Quand Margaret Thatcher s'installe au 10, Downing Street le 4 mai 1979, le néo-libéralisme est loin de triompher au Canada ou au Québec.

À Ottawa, Joe Clark s'apprête à former son éphémère gouvernement qui tombera au bout de six mois, tandis qu'à Québec, le gouvernement péquiste de René Lévesque discute de stratégie référendaire et de nationalisation de l'amiante.

Ce n'est qu'avec l'arrivée au pouvoir de Brian Mulroney, en septembre 1984, et de Robert Bourassa, en décembre 1985, qu'on mesure l'influence de la Dame de fer au Canada, tant par des vagues de privatisations que par la fragilisation de notre système bancaire, en ayant concouru par son entêtement idéologique à la faillite de l'empire immobilier torontois Olympia&York (O&Y).

Élu avec une majorité sans précédent, M. Mulroney lance un programme de privatisations qui paraît calqué sur celui de Londres. Mme Thatcher cède au secteur privé British Petroleum, M. Mulroney, Petro-Canada; Mme Thatcher, British Telecom, M. Mulroney, Teleglobe et Telesat; Mme Thatcher, British Airways, M. Mulroney, Air Canada.

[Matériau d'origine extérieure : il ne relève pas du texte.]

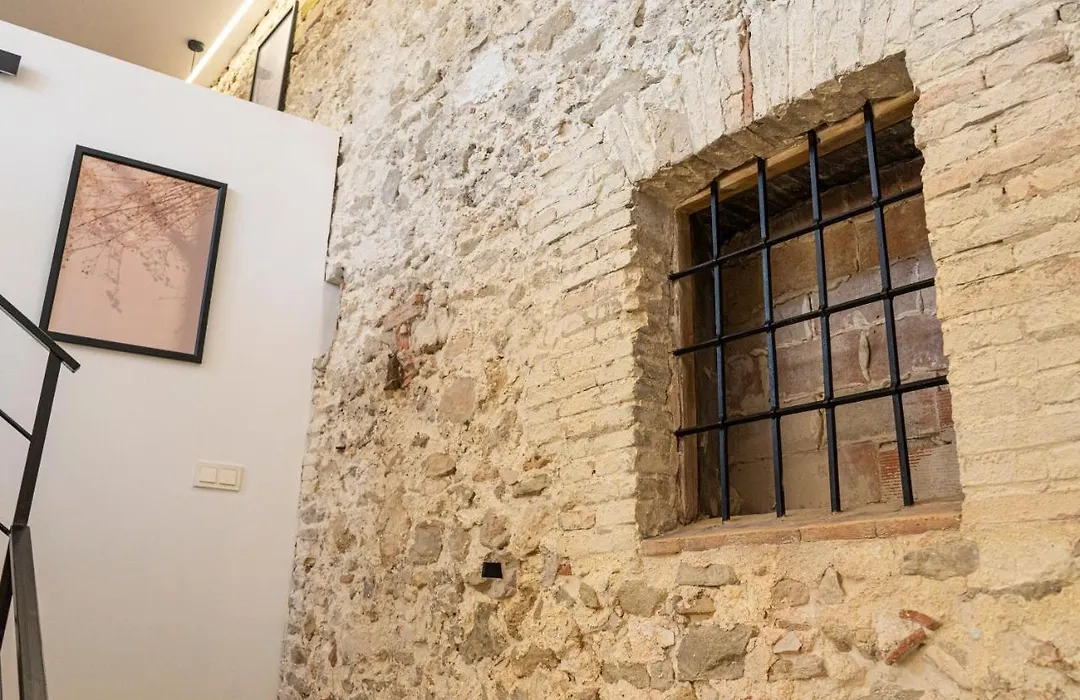 Apartamentos BocairentHomes, en pleno centro de Bocairent, con pequeña piscina comunitaria y parking privado-1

Les privatisations canadiennes ne se déroulent pas toutes sans anicroche. Ainsi, c'est dans l'ahurissement général qu'Ottawa annonce que le petit équipementier électronique Memotec mettra la main sur le fleuron qu'est alors Teleglobe.

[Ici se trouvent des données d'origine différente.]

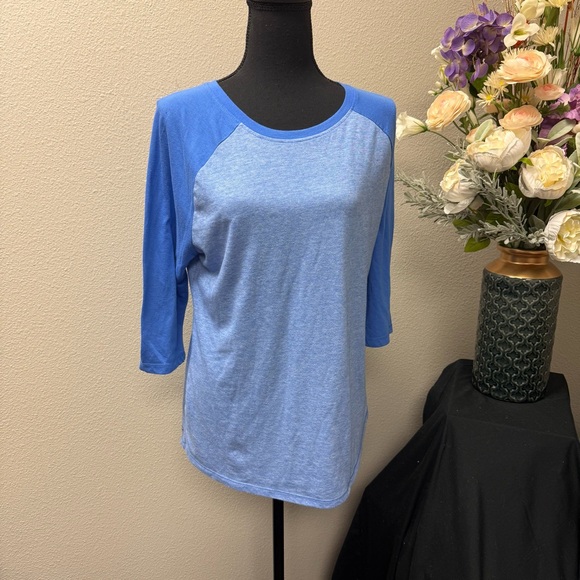 Danskin Now Blue Raglan 3/4 Sleeve Active Tee Women’s L (12-14) Loose Fit - Picture 1 of 6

Il aurait été logique que l'entreprise qui assure les communications internationales par téléphone tombe aux mains de Bell. Bell se liguera plus tard avec la Caisse de dépôt et placement pour s'emparer de la majorité au conseil de Teleglobe et y installer Charles Sirois, qui pilotera malheureusement sa faillite en 2001-2002.

L'idéologie de Mme Thatcher a certainement inspiré M. Mulroney et le président américain Ronald Reagan qui ont signé en 1987 l'Accord de libre-échange. Elle aura aussi présidé au démantèlement du programme énergétique national de Pierre Elliott Trudeau.

Les libéraux de Jean Chrétien s'en sont inspirés aussi en signant l'Accord de libre-échange nord-américain et en poursuivant les privatisations, dont celle du Canadien National, en 1995, suivant d'un an celle de British Railways.

À Québec, Robert Bourassa marque son retour au pouvoir par une politique économique en rupture avec la précédente. Il nomme Pierre Fortier ministre des Privatisations.

M. Fortier en pilotera 23, depuis de toutes petites comme Madelipêche ou la raffinerie de sucre de Saint-Hilaire à de plus grosses comme Sidbec-Dosco, Cambior ou Donohue.

Certaines ventes n'ont guère causé de controverse. Pourquoi garder Quebecair, par exemple?

En revanche, le programme de privatisations a bien mal commencé et s'est mal terminé avec deux dossiers récréotouristiques. Dès 2006, Québec cède le Manoir Richelieu, à Point-au-Pic, à l'homme d'affaires controversé Rymond Malenfant qui refuse de reconnaître l'accréditation syndicale en place. S'ensuivra un dur conflit de travail qui fera un mort.

On apprendra par la suite que la vente de près d'un demi-million incluait les oeuvres d'art de l'établissement estimées à 300 000$ à elles seules. Après avoir fraudé le fisc, M. Malenfant sera acculé à la faillite.

En toute fin de mandat, les libéraux, alors dirigés par Daniel Johnson, ont aussi bradé le mont Sainte-Anne.

Pragmatique avant tout, M. Bourassa n'aura pas fait que des privatisations. Il a étatisé les services ambulanciers et nationalisé les chantiers maritimes.

Comme les libéraux à Ottawa, le retour des péquistes n'a pas mis fin aux privatisations. Pour diminuer son déficit, le ministre des Finances Jean Campeau a vendu en 1995 la part de 33% détenue par la SGF dans l'Aluminerie de Bécancour.

Mme Thatcher n'a jamais cru au rôle de l'État comme agent économique. Aussi s'est-elle toujours opposée au prolongement du métro de Londres par financement public dans le nouveau quartier Canary Wharf mis en valeur par la société torontoise O&Y.

Dans les années 80, c'était le plus grand chantier du monde. Faute d'accès facile, le chantier a entraîné la faillite d'O&Y lors de la récession de 1990-1991. Cinq des six grandes banques canadiennes avaient prêté sans garantie environ 3 milliards à O&Y. Les banques canadiennes n'ont jamais récupéré leurs billes. La Banque Nationale a même dû réduire de moitié son dividende à compter de 1993 et mettra des années à le rétablir.

Le quartier est relié par métro depuis 1999 et est devenu le deuxième centre financier de Londres, après la City.